Case 1 — denominator zero, numerator non-zero: The naive error is zero (constant or perfectly seasonal insample) but the model prediction error is not. There's no meaningful scale to compare against, so returning np.nan is the right call — it signals "undefined" rather than crashing.
Case 2 — both zero: The model prediction error is also zero, meaning the model is at least as good as the naive baseline. Returning 1.0 here makes semantic sense (performance on par with naive). Note: we cannot distinguish whether the model trivially is the seasonal naive or made a non-trivial prediction that happens to match — 1.0 is the right practical default.

This PR introduces a zero_division parameter (modelled after scikit-learn's convention) to all scaled metrics that controls this behaviour:

"warn" (default) — applies the smart defaults described above (np.nan for Case 1, 1.0 for Case 2) and emits a UserWarning.
"raise" — preserves the legacy ValueError behaviour for users who want strict validation.
Numeric value (e.g. 0.0, np.nan, 1.0) — fills all zero-scale entries with the given value regardless of the numerator, giving full control to the caller. Useful for automated pipelines where NaN propagation causes downstream failures.
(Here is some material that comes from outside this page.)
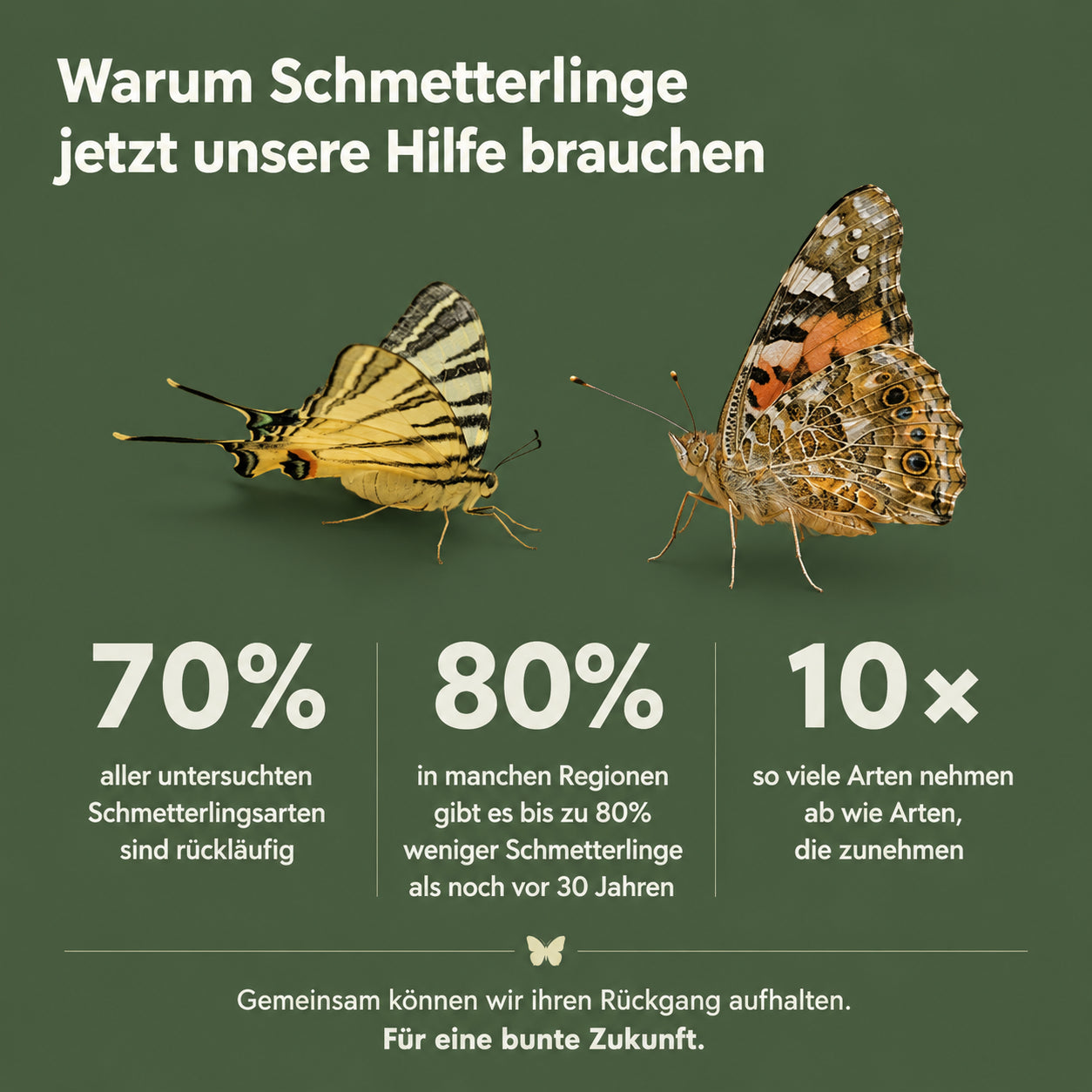 Handgefertigtes Schmetterlingshaus Tropfenform aus Naturholz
Design decision: no m=1 fallback

When the seasonal naive (m=m) produces zero scale, we do not silently fall back to the non-seasonal naive (m=1). Rationale: MASE with m=8 and MASE with m=1 measure against different baselines. If the user chose m=8, the zero scale tells them the seasonal naive is already perfect on this data — that's useful information. Silently switching denominators would change the metric's semantics and be hard to debug. The zero_division parameter gives callers full control instead.

Changes

darts/metrics/utils.py: Added _safe_scaled_divide() helper using a clean single-pass np.where pattern for vectorized conditional division, replacing the previous hard raise in _get_error_scale.
darts/metrics/metrics.py: Added zero_division parameter to ase, mase, sse, msse, and rmsse. Updated each to use _safe_scaled_divide instead of raw division.
darts/tests/metrics/test_metrics.py: Added comprehensive test_scaled_errors_zero_division covering all three modes, constant and seasonal insample series, 0/0 edge cases, and explicit np.nan fill values. Updated test_season to verify the new default warning behaviour.

Test plan

test_scaled_errors_zero_division — covers "warn", "raise", and numeric fill for all 5 scaled metrics
test_season — updated to verify warning is emitted by default and "raise" still raises
Run full test suite: pytest darts/tests/metrics/test_metrics.py

… msse, rmsse) Previously, scaled metrics raised a hard ValueError when the insample series had zero error scale (constant or perfectly seasonal signals). This made batch evaluation pipelines brittle — a single problematic series would abort the entire run. This commit introduces a `zero_division` parameter (modelled after scikit-learn's convention) that controls the behaviour: - "warn" (default): returns NaN or 0.0 depending on the numerator, with a UserWarning - "raise": preserves the legacy ValueError behaviour - numeric value: fills all zero-scale entries with the given value Adds `_safe_scaled_divide` helper in metrics/utils.py and comprehensive tests covering all three modes, constant and seasonal insample series, and edge cases like 0/0.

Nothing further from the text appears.